So with the following code, changing the type of the parameter x
from const ull
to const ull&
(with typedef unsigned long long ull
) results in a roughly 25% speedup when compiled with gcc 4.7.2 and flags -O3 -std=c++11 -g
, and I can't figure out why this would make such a big difference.
static void inline single_mult(const std::vector<ull>::iterator& data, const std::vector<ull>::const_iterator& rbegin, const std::vector<ull>::const_iterator& rend, const ull x) { ull tmp=0, carry=0, i=0; for (auto rhs_it = rbegin; rhs_it != rend; ++rhs_it) { tmp = x*(*rhs_it) + data[i] + carry; if (tmp >= imax) { carry = tmp >> numbits; tmp &= imax - 1; } else { carry = 0; } data[i++] = tmp; } data[i] += carry; }
It is called in the following function (for doing schoolbook long multiplication)
static void naive(std::vector<ull>::iterator data, std::vector<ull>::const_iterator cbegin, std::vector<ull>::const_iterator cend , std::vector<ull>::const_iterator rbegin, std::vector<ull>::const_iterator rend) { for (auto data_it = cbegin; data_it != cend; ++data_it) { if (*data_it != 0) { single_mult(data, rbegin, rend, *data_it); } ++data; } }
The timing is done by calling clock()
around a loop to measure how long it takes.
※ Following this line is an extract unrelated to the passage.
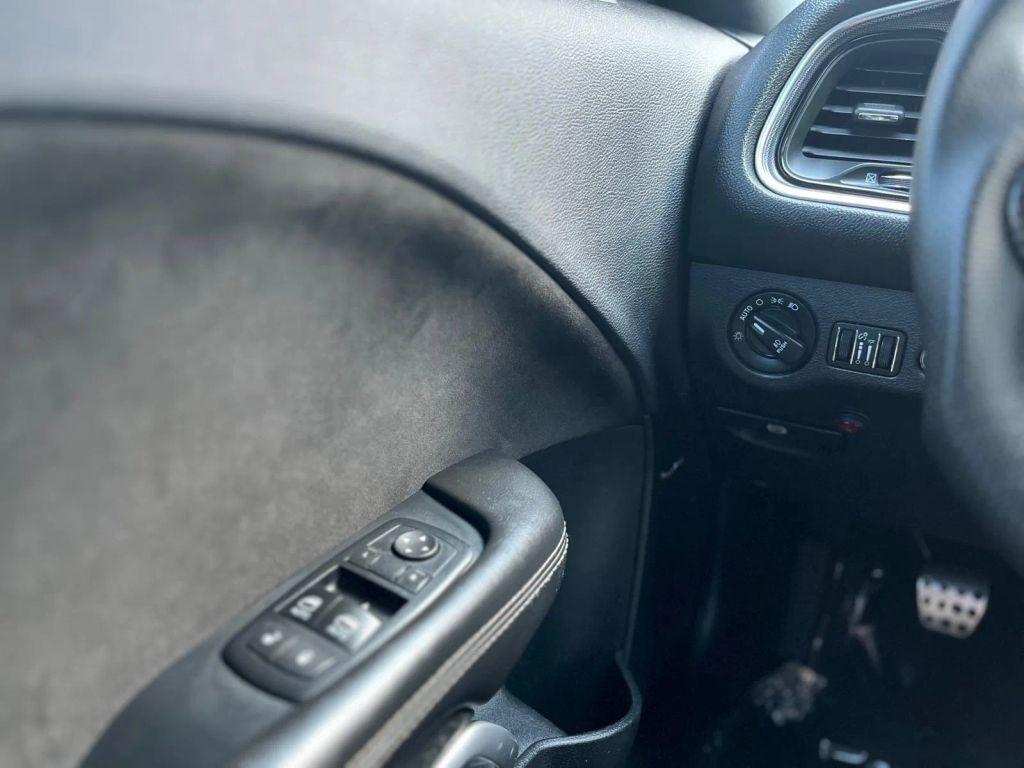 used 2015 Dodge Challenger car, priced at $27,599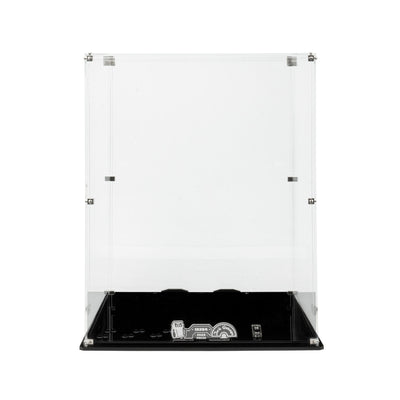 Display Case for LEGO® Corner Garage (10264)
Not the most accurate/precise way, but I figured a consistent 25% difference meant the difference was statistically significant.
Full working code block:
#include <vector> #include <limits> #include <ctime> #include <iostream> typedef unsigned long long ull; typedef unsigned int uint; const ull numbits = (ull) std::numeric_limits<uint>::digits; const ull imax = 1LL << numbits; static void inline single_mult(const std::vector<ull>::iterator& data, const std::vector<ull>::const_iterator& rbegin, const std::vector<ull>::const_iterator& rend, const ull x) { ull tmp=0, carry=0, i=0; for (auto rhs_it = rbegin; rhs_it != rend; ++rhs_it) { tmp = x*(*rhs_it) + data[i] + carry; if (tmp >= imax) { carry = tmp >> numbits; tmp &= imax - 1; } else { carry = 0; } data[i++] = tmp; } data[i] += carry; } static void naive(std::vector<ull>::iterator data, std::vector<ull>::const_iterator cbegin, std::vector<ull>::const_iterator cend , std::vector<ull>::const_iterator rbegin, std::vector<ull>::const_iterator rend) { for (auto data_it = cbegin; data_it != cend; ++data_it) { if (*data_it != 0) { single_mult(data, rbegin, rend, *data_it); } ++data; } } int main() { int N = 10000; std::vector<ull> vec(N); for (int i=0; i<N; ++i) { vec[i] = i; } auto s1 = clock(); int num = 10; std::vector<ull> result(2*N); for (int i=0; i<num; ++i) { //Need to zero out the vector or the result will be different. std::fill(result.begin(), result.end(), 0); naive(result.begin(), vec.cbegin(), vec.cend(), vec.cbegin(), vec.cend()); } s1 = (clock() - s1); std::cout << "Took " << float(s1)/CLOCKS_PER_SEC << "seconds total." << std::endl; }
And runtimes (I named the file that passes the value value.cpp
and reference reference.cpp
)
$ g++ -O3 -std=c++11 -g -o reference reference.cpp $ g++ -O3 -std=c++11 -g -o value value.cpp $ ./reference Took 1.05seconds total. $ ./value Took 1.83seconds total.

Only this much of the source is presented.